Today I presented a paper titled “A rule-based risk assessment tool based on large language model” which was a pilot study done recently at Taltech. The presentation took place at session “AI & INNOVATION” at “XXXV ISPIM INNOVATION CONFERENCE” which is taking place in Tallinn this week, June 9-12, 2024.
Presentation overview
This study aimed to design and test a Virtual Risk Assistant (VRA) system that combines rule-based reasoning, large language models (LLMs), and business process management to automate ergonomic risk assessments in workplace settings. The findings showed that the VRA enabled risk assessments approximately seven times faster than manual methods, with risk probabilities assigned by AI comparable to human assessors (statistically the same). Though, the AI tended to assign higher hazard levels which were statistically not comparable to human assigned levels.
Q&A session overview
The questions raised during the discussion session highlighted the audience’s interest in the practical and legal aspects of integrating AI into business processes. The discussion showed the importance of maintaining human oversight while leveraging AI’s capabilities to enhance efficiency and decision-making in risk assessments.

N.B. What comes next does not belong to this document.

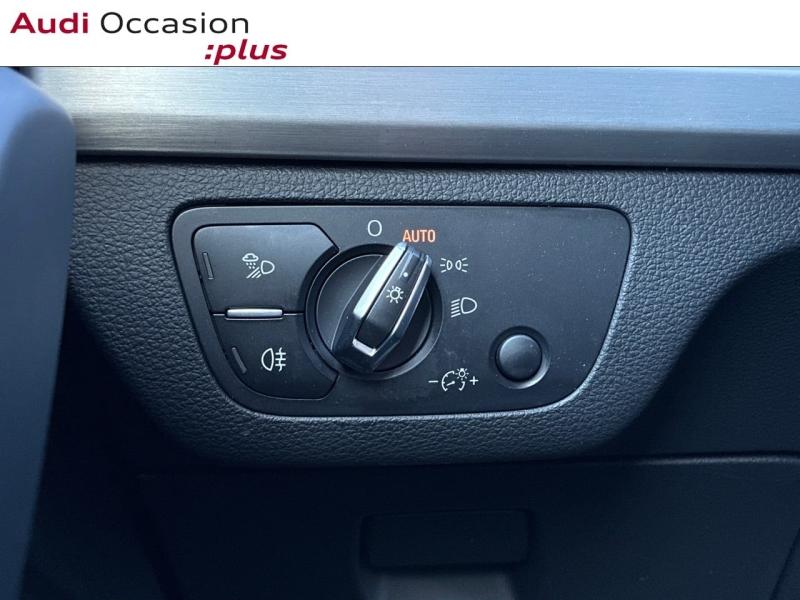 Voitures occasions Audi Q5 S line Clermont-Ferrand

Summary of questions from the audience and my replies
(transcribed by OpenAI Whisper, large v3 and summarized by ChatGPT)
Question: Why did you choose VRA? Why did you choose the combination of business process management, large language models, and rule-based reasoning?
The main discussant appreciated the setup of the system and the clarity of the factors involved in the risk assessments. She asked why we chose to combine business process management (BPM), large language models (LLMs), and rule-based reasoning.
Answer: I explained that the integration of BPM with AI, specifically LLMs and rule-based reasoning, was to mitigate the biases of LLMs. Rule-based reasoning ensures that both the input and output of the LLMs are checked and corrected if necessary. This combination can introduce LLM-based tools into business processes effectively.
Question: The main discussant was also curious if we had plans to compare the current setup with an alternative setup, perhaps through an A-B experiment.
Answer: I clarified that our A-B experiment involves comparing the manual risk assessment process (A) with the VRA tool (B). This comparison helps us determine if the tool performs as well as human evaluators and identifies specific areas where it may fall short.
Question: Is it relevant to measure the time taken by the machine versus a human to solve the task?
Answer: I emphasized that time measurement is crucial. Businesses need to understand the cost-benefit outcome when deciding to adopt such tools. Our study included assessments of the time taken for both manual and AI-assisted evaluations to provide a clear comparison.
Question: Does it make sense to look at the time the machine needs to solve the task and the time of the human being?
Answer: I confirmed that this was indeed relevant. When businesses consider adopting new tools, they evaluate the cost-benefit outcome. Therefore, it is critical to include the assessment of time spent on evaluating workplaces manually versus using the VRA.
Question: Would this tool be applicable in higher-risk environments, like manufacturing or oil rigs?
An audience member raised an important point about the applicability of the VRA in more dangerous environments and the legal and moral responsibilities associated with risk assessments.
Answer: I acknowledged the complexity of applying such a tool in high-risk environments. The EU AI Act’s implementation will likely require human oversight for such tools, ensuring that a specialist in occupational health and safety remains responsible. This tool can aid but not replace human judgment in high-stakes contexts.
Question: What happens from a legal responsibility point of view if the tool makes a mistake in high-risk environments?
(Follow-up by Bethan)
Answer: I addressed the legal and moral responsibility concerns, emphasizing that current legislation would not allow AI tools to operate without human oversight in high-risk areas. The AI tool is intended to assist, not replace, human evaluators, ensuring accountability remains with a qualified professional.
Question: Who controls and owns the AI, and who is responsible for it?
Answer: I explained that as long as AI is considered a tool, responsibility lies with its human owners and operators. Future advancements toward AGI (Artificial General Intelligence) may prompt legislators to consider granting legal entity status to AI, but this remains a complex ethical and legal issue.